Très longtemps après le tournage, j’ai voulu donner un contrepoint aux images filmées à Varsovie et à Białowieża car elles exploraient la façade et la surface de ce qu’on voyait, sans rendre compte de l’envers de cette frontière. J’ai alors trouvé sur YouTube des témoignages directs ou indirects du voyage qu’entreprennent des migrant·e·s d’origine afghane, kurde, irakienne… – témoignages que j’ai voulu mettre en fragments, à côté de « mes » images.

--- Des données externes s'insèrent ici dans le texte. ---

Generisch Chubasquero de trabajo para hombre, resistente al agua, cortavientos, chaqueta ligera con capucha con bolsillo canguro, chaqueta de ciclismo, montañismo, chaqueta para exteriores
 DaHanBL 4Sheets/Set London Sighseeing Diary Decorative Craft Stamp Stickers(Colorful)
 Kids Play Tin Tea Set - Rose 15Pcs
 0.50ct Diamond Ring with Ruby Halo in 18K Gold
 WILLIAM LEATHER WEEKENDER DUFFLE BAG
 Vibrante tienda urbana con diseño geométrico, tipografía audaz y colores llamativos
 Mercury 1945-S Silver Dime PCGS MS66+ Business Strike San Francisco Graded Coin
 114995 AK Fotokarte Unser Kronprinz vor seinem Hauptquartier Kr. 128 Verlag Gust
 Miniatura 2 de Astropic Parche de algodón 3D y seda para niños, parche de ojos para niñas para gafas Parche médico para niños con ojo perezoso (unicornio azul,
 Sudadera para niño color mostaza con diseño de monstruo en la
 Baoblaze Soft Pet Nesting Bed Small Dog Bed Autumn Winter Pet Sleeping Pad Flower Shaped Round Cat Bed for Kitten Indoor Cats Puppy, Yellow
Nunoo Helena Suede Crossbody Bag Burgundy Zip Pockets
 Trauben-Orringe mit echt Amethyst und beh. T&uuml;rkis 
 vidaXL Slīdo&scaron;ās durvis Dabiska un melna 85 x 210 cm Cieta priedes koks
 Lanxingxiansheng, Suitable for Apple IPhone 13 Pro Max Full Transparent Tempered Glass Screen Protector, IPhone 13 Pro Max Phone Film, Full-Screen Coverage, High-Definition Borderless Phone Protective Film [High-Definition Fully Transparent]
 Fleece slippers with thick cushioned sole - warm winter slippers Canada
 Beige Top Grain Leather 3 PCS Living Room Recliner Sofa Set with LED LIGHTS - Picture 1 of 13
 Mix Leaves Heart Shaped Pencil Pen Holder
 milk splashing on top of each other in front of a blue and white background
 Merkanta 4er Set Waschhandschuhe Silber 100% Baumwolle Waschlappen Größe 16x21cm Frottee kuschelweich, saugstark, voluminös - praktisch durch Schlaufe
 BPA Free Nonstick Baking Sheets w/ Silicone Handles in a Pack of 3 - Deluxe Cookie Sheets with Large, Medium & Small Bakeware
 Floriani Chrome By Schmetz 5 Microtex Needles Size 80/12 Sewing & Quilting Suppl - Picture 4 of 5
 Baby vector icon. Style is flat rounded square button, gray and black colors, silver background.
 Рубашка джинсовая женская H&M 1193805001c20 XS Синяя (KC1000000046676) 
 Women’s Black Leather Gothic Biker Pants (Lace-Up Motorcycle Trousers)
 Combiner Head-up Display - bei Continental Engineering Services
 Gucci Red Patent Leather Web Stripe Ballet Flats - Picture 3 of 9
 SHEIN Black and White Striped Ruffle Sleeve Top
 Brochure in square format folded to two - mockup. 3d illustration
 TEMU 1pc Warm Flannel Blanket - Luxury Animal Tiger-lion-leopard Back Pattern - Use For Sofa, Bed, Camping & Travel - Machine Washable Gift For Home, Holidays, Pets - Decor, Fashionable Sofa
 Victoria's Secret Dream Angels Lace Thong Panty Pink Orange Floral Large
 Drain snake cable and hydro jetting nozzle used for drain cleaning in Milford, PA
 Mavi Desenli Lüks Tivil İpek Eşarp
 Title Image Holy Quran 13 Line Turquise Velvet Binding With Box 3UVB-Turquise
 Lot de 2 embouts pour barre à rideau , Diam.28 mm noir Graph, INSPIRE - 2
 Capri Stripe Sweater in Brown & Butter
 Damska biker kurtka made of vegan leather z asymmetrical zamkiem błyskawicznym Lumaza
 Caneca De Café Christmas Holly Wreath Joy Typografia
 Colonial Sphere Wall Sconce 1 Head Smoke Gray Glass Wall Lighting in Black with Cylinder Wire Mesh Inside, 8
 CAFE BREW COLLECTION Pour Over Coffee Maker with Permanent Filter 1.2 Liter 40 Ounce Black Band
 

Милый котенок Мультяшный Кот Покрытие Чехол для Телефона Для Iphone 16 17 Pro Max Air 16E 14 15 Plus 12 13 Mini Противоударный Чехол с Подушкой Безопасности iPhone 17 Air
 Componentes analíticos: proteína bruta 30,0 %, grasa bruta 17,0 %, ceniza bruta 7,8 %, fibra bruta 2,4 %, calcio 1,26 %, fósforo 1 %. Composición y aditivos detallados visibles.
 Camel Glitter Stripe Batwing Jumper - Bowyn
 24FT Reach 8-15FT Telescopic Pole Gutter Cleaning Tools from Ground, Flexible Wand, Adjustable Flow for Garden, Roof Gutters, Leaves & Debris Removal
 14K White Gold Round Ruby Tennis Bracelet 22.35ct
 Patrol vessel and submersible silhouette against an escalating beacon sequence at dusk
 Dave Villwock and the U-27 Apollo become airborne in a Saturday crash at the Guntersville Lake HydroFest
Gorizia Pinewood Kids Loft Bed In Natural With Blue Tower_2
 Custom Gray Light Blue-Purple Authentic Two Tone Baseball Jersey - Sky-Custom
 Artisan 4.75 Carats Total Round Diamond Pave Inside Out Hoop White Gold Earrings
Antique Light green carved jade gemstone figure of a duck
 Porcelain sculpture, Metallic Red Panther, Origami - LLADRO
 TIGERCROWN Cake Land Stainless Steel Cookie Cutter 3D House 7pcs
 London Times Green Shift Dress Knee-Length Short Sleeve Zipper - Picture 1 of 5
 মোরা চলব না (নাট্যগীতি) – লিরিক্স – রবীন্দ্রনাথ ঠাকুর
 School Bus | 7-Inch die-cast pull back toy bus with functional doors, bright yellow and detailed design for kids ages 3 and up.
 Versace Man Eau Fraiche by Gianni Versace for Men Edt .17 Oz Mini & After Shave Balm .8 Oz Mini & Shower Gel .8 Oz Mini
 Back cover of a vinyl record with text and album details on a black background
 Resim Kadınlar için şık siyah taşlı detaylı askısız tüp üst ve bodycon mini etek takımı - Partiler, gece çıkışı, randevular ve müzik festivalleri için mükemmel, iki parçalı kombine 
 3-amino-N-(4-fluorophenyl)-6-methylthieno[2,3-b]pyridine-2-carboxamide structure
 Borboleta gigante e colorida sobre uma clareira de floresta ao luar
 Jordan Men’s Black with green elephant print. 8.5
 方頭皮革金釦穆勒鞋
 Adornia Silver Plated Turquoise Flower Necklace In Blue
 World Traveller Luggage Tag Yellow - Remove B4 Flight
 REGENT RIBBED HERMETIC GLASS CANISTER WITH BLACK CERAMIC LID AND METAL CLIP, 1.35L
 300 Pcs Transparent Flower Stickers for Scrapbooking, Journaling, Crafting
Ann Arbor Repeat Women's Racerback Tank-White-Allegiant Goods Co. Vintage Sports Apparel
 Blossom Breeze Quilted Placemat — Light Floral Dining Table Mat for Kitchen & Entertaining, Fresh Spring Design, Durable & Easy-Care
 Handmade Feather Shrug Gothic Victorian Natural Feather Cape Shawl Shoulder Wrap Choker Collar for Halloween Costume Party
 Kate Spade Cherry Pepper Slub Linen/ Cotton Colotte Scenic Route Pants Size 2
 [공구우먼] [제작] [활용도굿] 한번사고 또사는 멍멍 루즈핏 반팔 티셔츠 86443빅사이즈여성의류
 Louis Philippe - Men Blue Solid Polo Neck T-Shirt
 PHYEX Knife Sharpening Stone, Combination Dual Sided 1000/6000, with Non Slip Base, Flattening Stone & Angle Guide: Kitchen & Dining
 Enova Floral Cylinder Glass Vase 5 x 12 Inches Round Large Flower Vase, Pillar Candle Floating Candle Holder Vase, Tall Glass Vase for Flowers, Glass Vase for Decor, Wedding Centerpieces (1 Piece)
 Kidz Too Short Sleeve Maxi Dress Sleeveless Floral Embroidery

Certains sont issus de personnes anonymes documentant leur voyage, d’autre viennent d’agences de presse… Il m’a semblé important de donner une terre, un terreau provisoire à ces images déracinées, abandonnées à la possible manipulation des réseaux.
Le narrateur du film est Ahura Ehsas, poète et cinéaste, et la langue de sa voix est le dari, l’une des langues de l’Afghanistan. Pouvez-vous nous raconter ce choix ainsi que la collaboration avec Ehsas ?
À un certain point dans le montage j’ai imaginé une collaboration, à la voix off, avec une personne originaire d’Afghanistan dont le cheminement est similaire à la situation de celles et ceux qui sont passés par cette frontière. J’ai rencontré Ahura lors d’un tournage, et sa personnalité m’a semblé propice à une recherche sonore autour de sa voix, habitée par une musicalité et une mélancolie. J’ai écrit la voix off puis la lui ai faite traduire en dari en m’inspirant de nos discussions, afin de redoubler la distance qu’elle posait, et pour qu’elle déploie une forme d’intimité sans racines, qui dépasse le blocage politique.